Sampson Lafayette, my 3rd great-grandfather, was born in Anson County, North Carolina on January17, 1801, and died on August 2, 1887 in Whitley County, Kentucky. He married Rhoda Ellison in 1822 and they had five children: Milton, Letcher, James, Hiram and Sintha. Rhoda was born in Amherst, Virginia February 6, 1806, the daughter of Asa Ellison and Polly Pennington. Census lists show his occupation as farmer, although an article from The Cumberland Chronicle called "Reiminscences of Pioneer Days in Scott County, Tennesseee," published in 1904, indicates that he also worked as a surveyor:
Wayne Cotton and Sampson Stanfield were the surveyors who helped survey Scott County- I was a chain carrier and helped to survey a part of Scott County. We began at a point on the east bank of New River and about two miles from the mouth of Beech Fork then ran south west crossing Smokey Creek all about eight miles to the Morgan county line on the mountain between Smokey and Brimstone then north west about eight miles to Black Wolf Creek, then northwest about ten miles crossing Clear Fork just below the mouth of Skull Creek then on to New River at the mouth of Honey Creek, then down New River (or Big South Fork of Cumberland River) about six miles to mouth of Anderson's Branch thence north-west about nineteen miles to the Kentucky line.
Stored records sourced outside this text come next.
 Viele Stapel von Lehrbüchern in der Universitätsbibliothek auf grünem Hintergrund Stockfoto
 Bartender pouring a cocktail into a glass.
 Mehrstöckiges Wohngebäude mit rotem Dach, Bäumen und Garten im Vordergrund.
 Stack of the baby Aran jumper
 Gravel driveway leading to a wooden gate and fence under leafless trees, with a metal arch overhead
Sampson also served in the 12th Tennessee Infantry, Union, during the Civil War.
Organized at Nashville, Tenn., August 24, 1863. Attached to District of Nashville, Dept. of the Cumberland, to January, 1864. Defences of Nashville & Northwestern Railroad to April, 1864. 2nd Brigade, 4th Division, Cavalry Corps, Dept. of the Cumberland, to October, 1864. 2nd Brigade, 4th Division, Cavalry Corps, Military Division Mississippi, to December, 1864. 2nd Brigade, 5th Division, Cavalry Corps, Military Division Mississippi, to February, 1865. 1st Brigade, 5th Division, Cavalry Corps, Military Division Mississippi, to May, 1865. Dept. of the Missouri to October, 1865.
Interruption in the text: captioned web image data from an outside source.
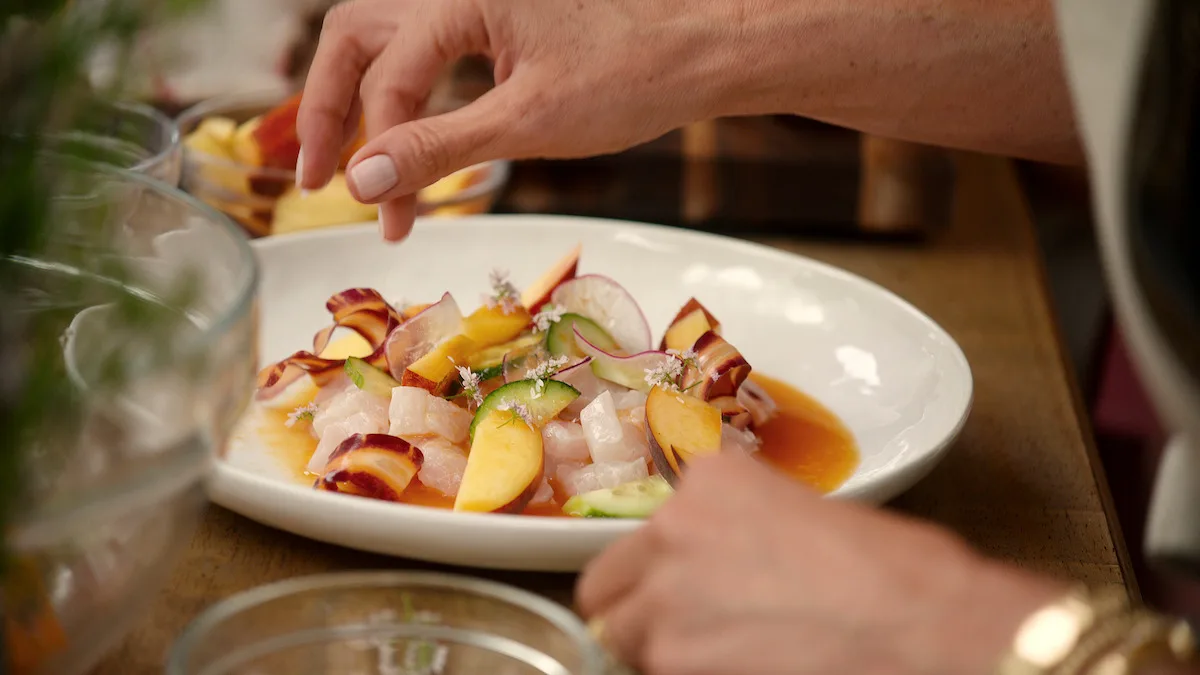 Halibut ceviche being plated.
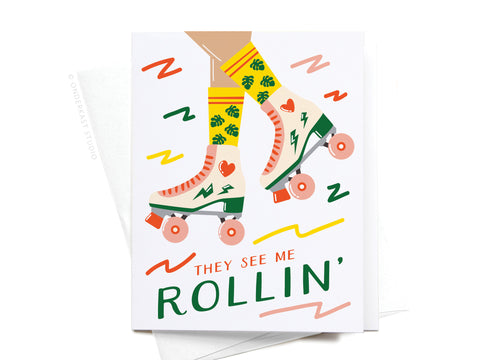 The They See Me Rollin Roller Blades Greeting Card by Onderkast Studio features yellow-socked legs with green leaves and hearts in white and pink skates. “THEY SEE ME ROLLIN” is written below with retro squiggles, perfect for skating fans.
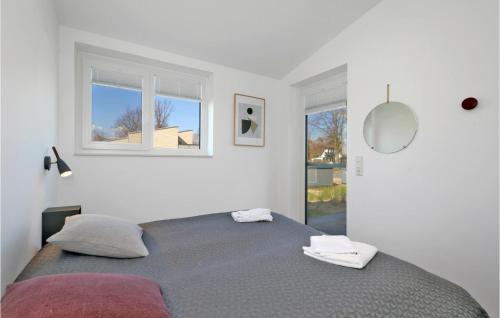 a bedroom with a bed and two windows at Awesome Home In Lembruchdümmer See in Lembruch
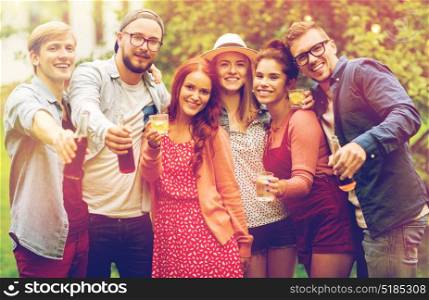 leisure, holidays, people, reunion and celebration concept - happy friends with drinks at summer garden party. happy friends with drinks at summer garden party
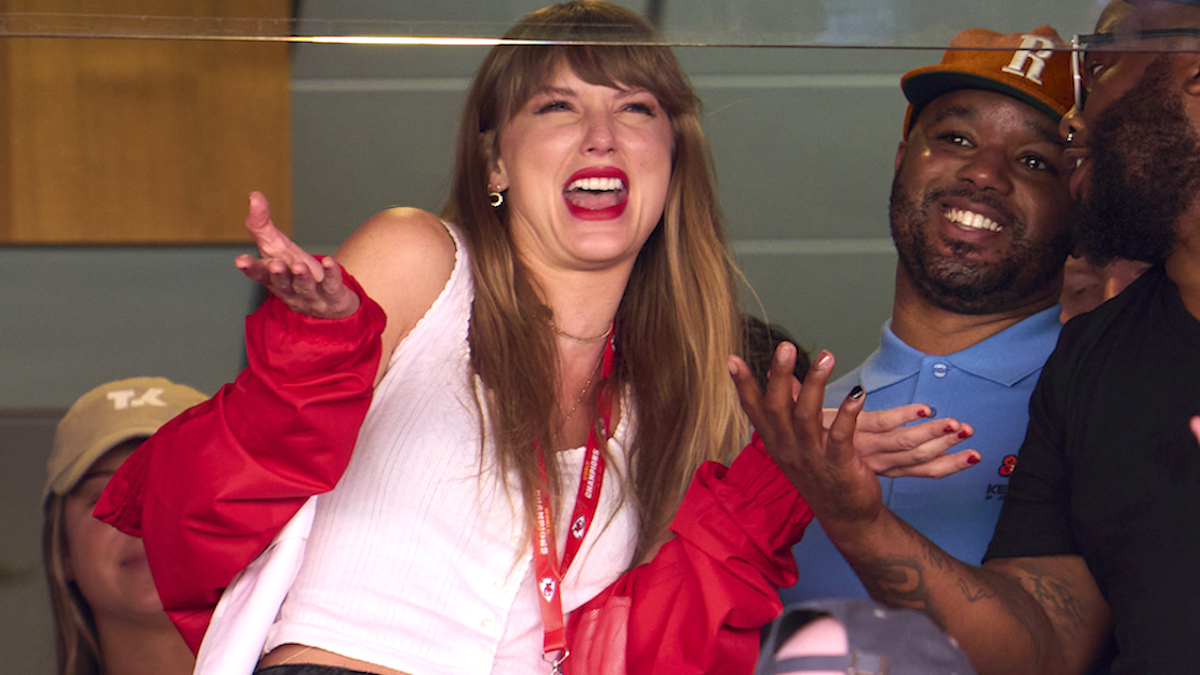 Taylor Swift shrugging and laughing while wearing a white shirt and red jacket in the box seats at the Kansas City Chiefs game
SERVICE.-Scout to Florence, Ala., July 20-25, 1863 (Detachment). Duty at Nashville and on Nashville & Northwestern Railroad at Pulaski, Tenn., till November, 1864. Duck River April 22, 1864. Scout in Hickman and Maury Counties May 2-12. Lincoln County June 14. Scout from Pulaski to Florence, Ala., July 20-25 (Detachment). Triune August 3-4. Florence August 10. Operations against Forest in North Alabama and Middle Tennessee September 16-October 10. Richland Creek, near Pulaski, September 26. Pulaski September 26-27. Nashville Campaign November-December. On line of Shoal Creek November 5-20. Campbellsville and Lynnville November 24. In front of Columbia November 24-27. Franklin November 30. Battle of Nashville December 15-16. Pursuit of Hood to the Tennessee River December 17-28. West Harpeth River December 17. Spring Hill December 18. Rutherford Creek December 19. Curtis Creek December 19. Lawrenceburg December 22. Lynnville and Richland Creek December 24. King's Gap, near Pulaski, December 25. At Gravelly Springs, Ala., till February, 1865. At Eastport, Miss., till May. Moved to St. Louis, Mo., May 15-17, thence to Rolla, Mo., June 20-26, and to Fort Riley, Kan., June 29-July 8. Powder River Expedition July to September. Mustered out October 7, 1865.
Regiment lost during service 5 Officers and 28 Enlisted men killed and mortally wounded and 2 Officers and 191 Enlisted men by disease. Total 226.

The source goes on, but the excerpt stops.